# boot hang FreeBSD 8.0-RELEASE



## HMG (Apr 1, 2010)

When I try to boot, I get to:


```
atkbdc0: <Keyboard controller (i8042)> at port 0x60,0x64 irq 1 pnpid PNP0303 on isa0
```

and then nothing, no matter how long I wait. I would expect to see
this next:


```
atkbd0: <AT Keyboard> irq 1 on atkbdc0
```

In January I installed FreeBSD 8.0-RELEASE. For 2 months, I was able
to shutdown and reboot many times as I gradually got it just the way I
want it,

16 Mar 2010 I switched over to using it as my main machine. Over the
next 2 weeks I did a heap of installs, mainly with pkg_add; but I also
did a couple of makes.

Today I decided to reboot to ensure that it still can - and it can't!

I've tried all the choices on the loader (?) menu including safe mode
and single user, all with the same result.

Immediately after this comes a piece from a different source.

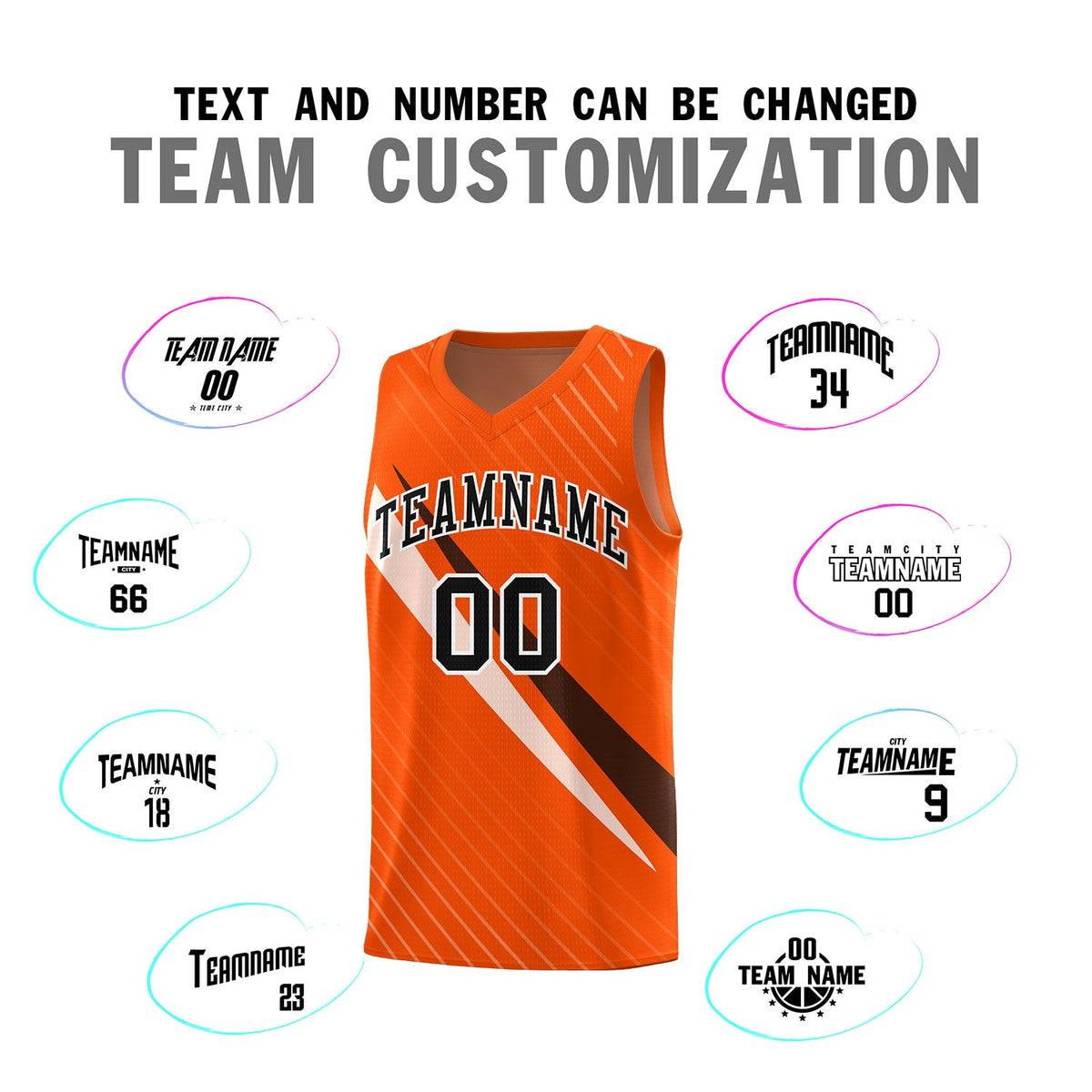 Custom Orange Diagonal Pinstripe Pattern Color Block Sports Uniform Basketball Jersey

I've booted off 8.0-RELEASE-i386-livefs and mounted the root slice (?)
and edited fstab back to the original. I've performed an fsck on all
the relevant slices without problems.

Because it is hanging during the boot process, I cannot find logs that
might help me.


I'm tempted to work on rc.conf next, but I suspect that the problem
occurs earlier in the boot sequence. How do I confirm that? When it
hangs, I can do almost nothing with the keyboard. The best I have
achieved is to turn of the Num Lock light. There is no response to
Ctrl-Alt-Delete; I have to press Reset to reboot.

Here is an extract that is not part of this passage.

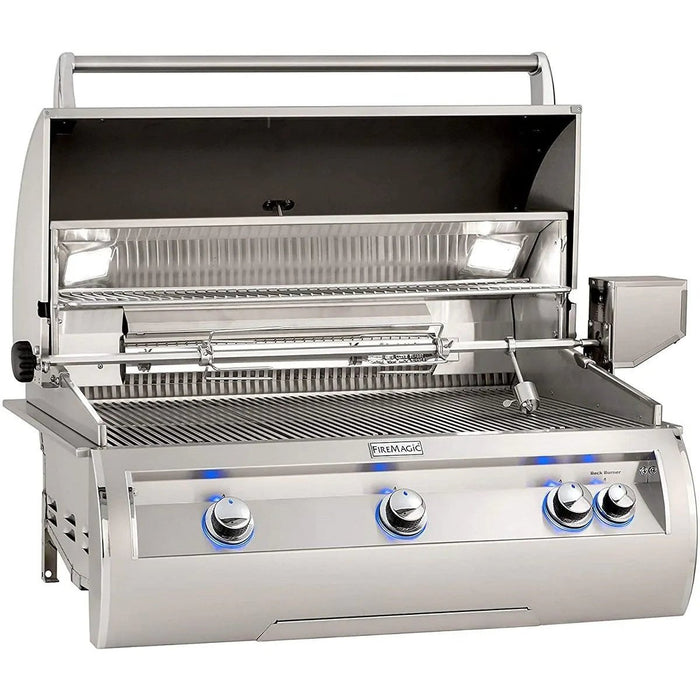 Fire Magic Echelon Diamond E790i 36" Natural Gas Built-In Grill w/ 1 Sear Burner, Backburner, Rotisserie Kit, and Analog Thermometer - E790I-8LAN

Can someone point me in a direction that will allow me to move forward
please.

I have stacks of other information, but I don't know what's relevant.

TIA.


----------



## z662 (Apr 1, 2010)

All the logs you are looking for are in /var/log.  Have you modified /boot/loader.conf or your kernel as of late?


----------



## z662 (Apr 1, 2010)

Also, since it mentions your keyboard in the log, did you by chance change anything relating to HALD and DBUS in rc.conf or other places?


----------



## HMG (Apr 2, 2010)

z662 said:
			
		

> All the logs you are looking for are in /var/log.  Have you modified /boot/loader.conf or your kernel as of late?



1. Thank you. The quoted response was correct.

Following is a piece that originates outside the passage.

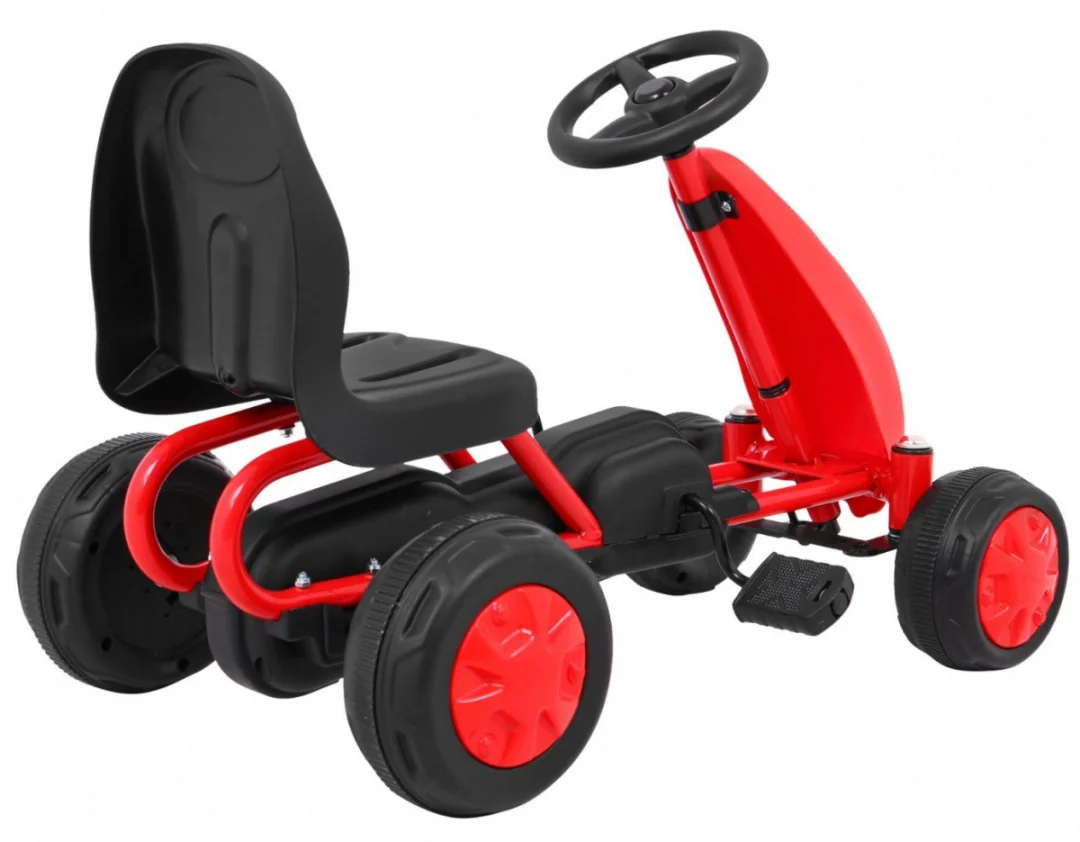 Prvi karting na pedale za najmlađe crveni + lančani pogon + gumeni kotači_6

2. I looked in /var/log. Not useful; there were no entries for the day I booted. In other words, the boot was failing before the system got to writing to /var/log.

3. As you correctly observed, /boot/loader.conf was the problem. I deleted it and copied an earlier version:


```
cp loader.conf.02 loader.conf
```

thereby restoring the situation to the state before 16 Mar 2010.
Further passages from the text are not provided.